Jesse had bought the cheapest tent either of us had ever encountered, evidently some sort of special offer from Interspar. Since it didn’t come with a ground cloth or a real rain protector, we hoped that the occasional clouds wouldn’t choose to rain on us. (They refrained and we stayed very dry, apart from sweating a lot.) We don’t know how long this tent will last, but it was something like 399Kč and you really can’t beat that. For comparison: I bought a cheap sleeping bag in Prague for about 900Kč; since I managed to leave it on the train to Brno, I replaced it with an even cheaper one that cost 199Kč. You can see why I don’t like to spend more than 100Kč on a meal if I can avoid it (I make exceptions for particularly good restaurants).
Anyhow, the festival was great. I will leave it to Jesse to discuss it from an ethnomusicological perspective, but all four of us had a fine time. Music and dance groups from all over the Czech Republic were in attendance, along with international representation from Slovakia, Cyprus, Serbia, and Venezuela.
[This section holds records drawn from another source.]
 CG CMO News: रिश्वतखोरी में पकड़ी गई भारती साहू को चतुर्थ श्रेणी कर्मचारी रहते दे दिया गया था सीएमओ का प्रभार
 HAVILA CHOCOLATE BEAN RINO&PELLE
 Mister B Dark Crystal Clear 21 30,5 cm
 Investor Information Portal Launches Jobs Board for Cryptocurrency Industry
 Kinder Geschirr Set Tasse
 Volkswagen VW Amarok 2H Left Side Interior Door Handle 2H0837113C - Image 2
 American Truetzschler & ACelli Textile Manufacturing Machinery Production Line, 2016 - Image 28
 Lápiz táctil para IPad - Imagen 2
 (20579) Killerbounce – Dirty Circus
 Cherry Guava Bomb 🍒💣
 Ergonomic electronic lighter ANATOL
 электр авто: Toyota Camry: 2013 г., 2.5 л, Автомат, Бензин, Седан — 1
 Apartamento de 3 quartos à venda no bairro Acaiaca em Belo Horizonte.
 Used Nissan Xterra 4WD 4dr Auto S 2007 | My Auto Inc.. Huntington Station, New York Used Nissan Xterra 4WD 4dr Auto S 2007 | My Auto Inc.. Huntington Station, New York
There were several performers I had heard of or had recordings by, like Vlasta Grycová, Dušan Holý, and Jesse’s cimbalom teacher. There are several big arenas for the major programs, plus smaller stages for additional groups. The whole thing occurs on the grounds of the local zámek, which are extensive and quite beautiful. Some events occur in the zámek itself, which has quite an attractive interior and also has exhibitions relating to folk culture.
It must be said that cell phones are a real convenience in a situation like this, even when it is sometimes hard to get a signal. Hubert was arriving from a New Music festival in Kromeřic, and Alex was biking over on her return from the epic Prague-Vienna bike trip, so with our phones it was no problem to meet up. I’m still not convinced I want a cell phone in the US, but I love having one here.
And, while Alex’s bike was sometimes a bit of a problem, on the whole we were able to transport it on train and bus without incident. The conductor on the osobní vlak leaving Stražnice didn’t even bother to charge the 20Kč fee, and the left-luggage people at the Brno train station were absolutely great about taking the bike and all Alex’s luggage while we went out to dinner before continuing on to Prague (instead of charging separately for all the individual bags, the caretaker decided to call all the bags one svázek).
Jesse handled most of the festival arrangements for the rest of us with commendable skill and calm.